_What you have to do:_ The lines to repeat are those below from the one containing "Belord High Back" down to the one containing "BANANA REPUBLIC Sleeveless", both included; reproduce them exactly and nothing else.

_Task input:_
● ● ● ●

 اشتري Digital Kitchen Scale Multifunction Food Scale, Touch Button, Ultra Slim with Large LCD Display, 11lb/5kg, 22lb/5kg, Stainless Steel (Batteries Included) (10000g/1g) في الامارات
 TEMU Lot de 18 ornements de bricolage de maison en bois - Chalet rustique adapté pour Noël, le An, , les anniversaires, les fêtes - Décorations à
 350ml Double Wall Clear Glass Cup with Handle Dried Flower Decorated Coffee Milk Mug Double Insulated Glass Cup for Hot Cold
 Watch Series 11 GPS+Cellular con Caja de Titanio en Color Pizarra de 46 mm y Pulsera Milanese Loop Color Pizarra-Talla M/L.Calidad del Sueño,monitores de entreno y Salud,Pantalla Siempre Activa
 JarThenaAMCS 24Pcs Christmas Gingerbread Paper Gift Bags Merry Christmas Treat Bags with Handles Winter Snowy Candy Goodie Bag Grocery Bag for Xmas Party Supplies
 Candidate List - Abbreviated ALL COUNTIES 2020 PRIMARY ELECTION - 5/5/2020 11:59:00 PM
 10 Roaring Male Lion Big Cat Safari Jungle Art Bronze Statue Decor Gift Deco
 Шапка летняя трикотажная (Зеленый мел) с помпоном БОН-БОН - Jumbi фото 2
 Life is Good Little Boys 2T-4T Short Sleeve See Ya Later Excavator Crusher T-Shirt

● ● ● ●

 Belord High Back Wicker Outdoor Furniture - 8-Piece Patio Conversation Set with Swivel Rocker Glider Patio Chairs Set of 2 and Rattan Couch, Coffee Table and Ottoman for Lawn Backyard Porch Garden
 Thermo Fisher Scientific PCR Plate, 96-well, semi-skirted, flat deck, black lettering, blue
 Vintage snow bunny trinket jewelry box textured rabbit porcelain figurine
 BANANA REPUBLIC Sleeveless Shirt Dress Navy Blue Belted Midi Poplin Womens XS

● ● ● ●

_Solved problem:_
 Belord High Back Wicker Outdoor Furniture - 8-Piece Patio Conversation Set with Swivel Rocker Glider Patio Chairs Set of 2 and Rattan Couch, Coffee Table and Ottoman for Lawn Backyard Porch Garden
 Thermo Fisher Scientific PCR Plate, 96-well, semi-skirted, flat deck, black lettering, blue
 Vintage snow bunny trinket jewelry box textured rabbit porcelain figurine
 BANANA REPUBLIC Sleeveless Shirt Dress Navy Blue Belted Midi Poplin Womens XS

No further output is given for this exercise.